NIM for Maxine Active Speaker Detection
Type: Microservice Tags: NVIDIA, NIM, Maxine, active speaker detection, video analytics, diarization, AR, CUDA, TensorRT, Triton, DeepStream, NVDEC Related: NVIDIA-NIM, NVIDIA-Maxine, NVIDIA-AI-for-Media-SDKs, NVIDIA-Augmented-Reality-SDK, NIM-for-Maxine-Eye-Contact, NVIDIA-DeepStream, NVIDIA-Video-Codec-SDK, NVIDIA-AI-Enterprise, TensorRT, Triton-Inference-Server, NVIDIA-CUDA, NGC Sources: https://docs.nvidia.com/nim/maxine/active-speaker-detection/latest/overview.html, https://docs.nvidia.com/nim/maxine/active-speaker-detection/latest/support-matrix.html Last Updated: 2026-04-29
Summary
NVIDIA Active Speaker Detection NIM is a Maxine NIM microservice for detecting and identifying active speakers in video by combining visual analysis with diarized audio data. Current NVIDIA docs describe per-frame outputs such as bounding boxes, speaker identifiers, active-speaking state, and face-detection confidence scores.
Detail
Purpose
Active Speaker Detection NIM helps meeting, media, telepresence, and video-understanding systems determine who is speaking at each point in a video stream. This is useful for speaker-aware editing, analytics, avatar interaction, accessibility, and meeting intelligence.
Current scope
- Accepts video, audio, and diarization data inputs.

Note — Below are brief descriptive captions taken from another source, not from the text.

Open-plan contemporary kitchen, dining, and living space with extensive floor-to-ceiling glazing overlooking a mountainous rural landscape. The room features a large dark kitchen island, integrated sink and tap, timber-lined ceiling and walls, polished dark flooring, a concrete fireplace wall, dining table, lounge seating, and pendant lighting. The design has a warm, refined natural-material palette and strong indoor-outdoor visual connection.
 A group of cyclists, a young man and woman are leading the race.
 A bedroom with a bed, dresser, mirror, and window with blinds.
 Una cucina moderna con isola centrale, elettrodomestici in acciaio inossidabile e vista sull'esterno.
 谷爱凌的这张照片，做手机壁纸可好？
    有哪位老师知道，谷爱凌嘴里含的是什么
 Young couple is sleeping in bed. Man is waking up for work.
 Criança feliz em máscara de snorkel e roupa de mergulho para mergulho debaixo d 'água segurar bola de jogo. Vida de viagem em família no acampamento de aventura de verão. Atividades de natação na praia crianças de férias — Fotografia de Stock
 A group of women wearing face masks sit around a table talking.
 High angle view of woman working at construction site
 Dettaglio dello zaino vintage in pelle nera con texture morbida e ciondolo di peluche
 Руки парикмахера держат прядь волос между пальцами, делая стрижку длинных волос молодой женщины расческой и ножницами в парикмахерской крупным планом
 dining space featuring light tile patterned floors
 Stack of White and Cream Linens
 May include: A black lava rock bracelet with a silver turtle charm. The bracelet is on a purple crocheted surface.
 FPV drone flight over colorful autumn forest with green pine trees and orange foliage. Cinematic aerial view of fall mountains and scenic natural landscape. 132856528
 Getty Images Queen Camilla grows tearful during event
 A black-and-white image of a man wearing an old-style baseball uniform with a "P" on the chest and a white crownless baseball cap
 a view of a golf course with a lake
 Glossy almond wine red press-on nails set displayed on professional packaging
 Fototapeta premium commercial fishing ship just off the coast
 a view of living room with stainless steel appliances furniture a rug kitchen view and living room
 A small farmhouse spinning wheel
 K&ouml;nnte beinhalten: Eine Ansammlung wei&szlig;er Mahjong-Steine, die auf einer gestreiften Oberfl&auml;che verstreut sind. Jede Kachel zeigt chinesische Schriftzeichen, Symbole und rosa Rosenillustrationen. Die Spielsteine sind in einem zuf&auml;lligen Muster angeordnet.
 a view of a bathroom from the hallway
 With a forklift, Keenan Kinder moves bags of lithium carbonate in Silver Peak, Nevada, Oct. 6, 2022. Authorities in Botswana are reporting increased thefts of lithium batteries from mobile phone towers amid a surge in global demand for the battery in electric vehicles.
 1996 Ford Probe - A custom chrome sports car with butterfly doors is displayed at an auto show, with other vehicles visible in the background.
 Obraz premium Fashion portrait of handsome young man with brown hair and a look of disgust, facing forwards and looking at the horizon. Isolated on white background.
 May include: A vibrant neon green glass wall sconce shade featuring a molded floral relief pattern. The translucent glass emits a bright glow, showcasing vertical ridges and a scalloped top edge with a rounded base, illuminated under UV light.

- Uses GPU-accelerated video decoding through GStreamer/NVDEC.
- Extracts frame-accurate audio aligned with decoded video frames.
- Uses diarization timelines to build per-frame speaker masks.
- Runs inference through an NVIDIA AR SDK backend on Triton.
- Returns per-frame bounding boxes, speaker IDs, active-speaker state, and confidence values.
- Supports streaming mode for chunked/streamable inputs and transactional mode for complete file processing.
- Model ID in the current support matrix is
active-speaker-detection. - Current optimized configurations list FP16 profiles for T4, A2, A10, A16, A40, L4, L40, L40S, B40, NVIDIA RTX PRO 6000 Blackwell Server Edition, RTX 4090, RTX 5090, and RTX 5080.
- Uses NVDEC hardware acceleration; GPUs without NVDEC support may be unsuitable.
NVIDIA context
Active Speaker Detection NIM is the NIM deployment surface for a meeting/video intelligence capability that was already present in NVIDIA-Augmented-Reality-SDK. It connects Maxine media AI with NVIDIA-DeepStream, Triton-Inference-Server, and GPU media decode.
Connections
- NVIDIA-Maxine - broader Maxine media AI and conferencing enhancement platform.
- NVIDIA-Augmented-Reality-SDK - SDK-level AR backend for face detection, landmarks, and active-speaker inference.
- NIM-for-Maxine-Eye-Contact - companion video NIM for meeting and telepresence enhancement.
- NVIDIA-DeepStream - GPU video pipeline context; the current support matrix names DeepStream 8.0 in the software stack.
- NVIDIA-Video-Codec-SDK - NVDEC media hardware is important to compatibility and throughput.
- NVIDIA-AI-Enterprise - production deployment and support context for NIM microservices.
- TensorRT and Triton-Inference-Server - optimization and serving layers used by the NIM.
Source Excerpts
- NVIDIA docs describe Active Speaker Detection NIM as detecting and identifying active speakers from visual and diarized audio data.
- The architecture section lists CUDA, TensorRT, Triton, and an NVIDIA AR SDK backend for inference.